Artikel 11 Verplichtingen subsidieontvanger
De instelling of sociaal ondernemer neemt gedurende de periode tot en met 31 december 2020 alle maatregelen en onthoudt zich van handelingen, noodzakelijk om de continuïteitspositie niet te verslechteren, waaronder het niet aangaan van verplichtingen die nagekomen moeten worden in de periode tot en met 31 december 2020. Deze verplichting is opgenomen om te zorgen dat de financiële positie van de instelling of sociaal ondernemer niet nog meer verslechtert.
Artikel 12 Verantwoording en vaststelling subsidies
De subsidie wordt vastgesteld op basis van een aanvraag tot vaststelling. Dit geldt ook voor de subsidies onder de € 25.000. Weliswaar biedt artikel 13 eerste lid, sub a van de Subsidieverordening Rotterdam 2014 de mogelijkheid om deze subsidies bij verlening direct vast te stellen. De aard van de subsidie brengt echter met zich mee dat in deze regeling hier niet voor gekozen is.

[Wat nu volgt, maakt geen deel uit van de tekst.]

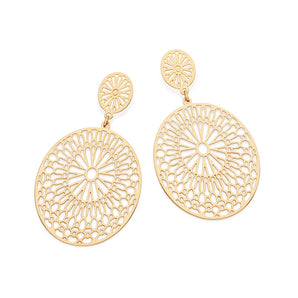 GOLD ARABESQUE MANDALA EARRINGS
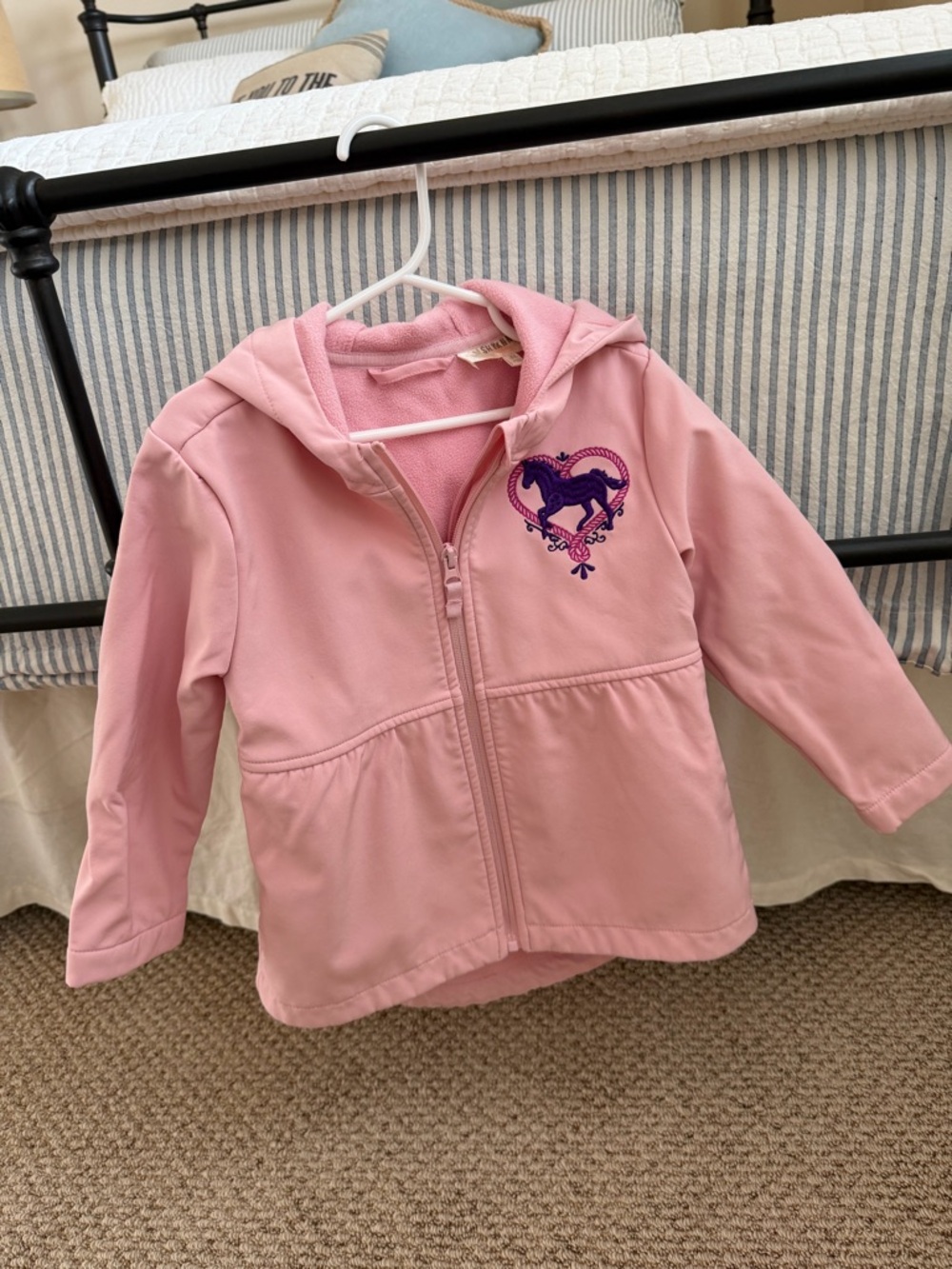 Shyanne Girls Light Pink Hooded Zip Jacket with Horse Embroidery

De cijfers die bij de aanvraag worden verstrekt, zijn immers een momentopname. Zo is in een aantal gevallen nog niet zeker of er ook nog steun van het Rijk wordt ontvangen of is nog onduidelijk hoe hoog het bedrag is van die steun.
De subsidie is ter overbrugging tot en met 31 december 2020.
De subsidieperiode eindigt derhalve op 1 januari 2021. De aanvraag tot vaststelling dient uiterlijk op 1 maart 2021 te zijn ingediend.
Hier worden verantwoordingsgegevens gevraagd die specifiek toezien op de beoordeling of en in welke mate de verleende subsidie heeft bijgedragen aan de financiële overbrugging. In de subsidieverleningsbeschikking zal worden opgenomen welke accountantsproducten aangeleverd dienen te worden. Hierin zal in afwijking van artikel 14 van de Subsidieverordening Rotterdam 2014 worden bepaald dat niet alle accountantsproducten aangeleverd hoeven te worden. Voor subsidies tussen € 50.000 en € 200.000 zal alleen een beoordelingsverklaring over de financiële verantwoording vereist zijn en voor subsidies boven de € 200.000 alleen een controleverklaring over de financiële verantwoording.
In dit artikel is geregeld dat de regeling in werking treedt met ingang van de dag na de datum van uitgifte van het Gemeenteblad waarin zij wordt geplaatst. De subsidieregeling vervalt op 30 september 2021, maar blijft van kracht voor de subsidies die op grond van de subsidieregeling zijn aangevraagd, verleend of vastgesteld.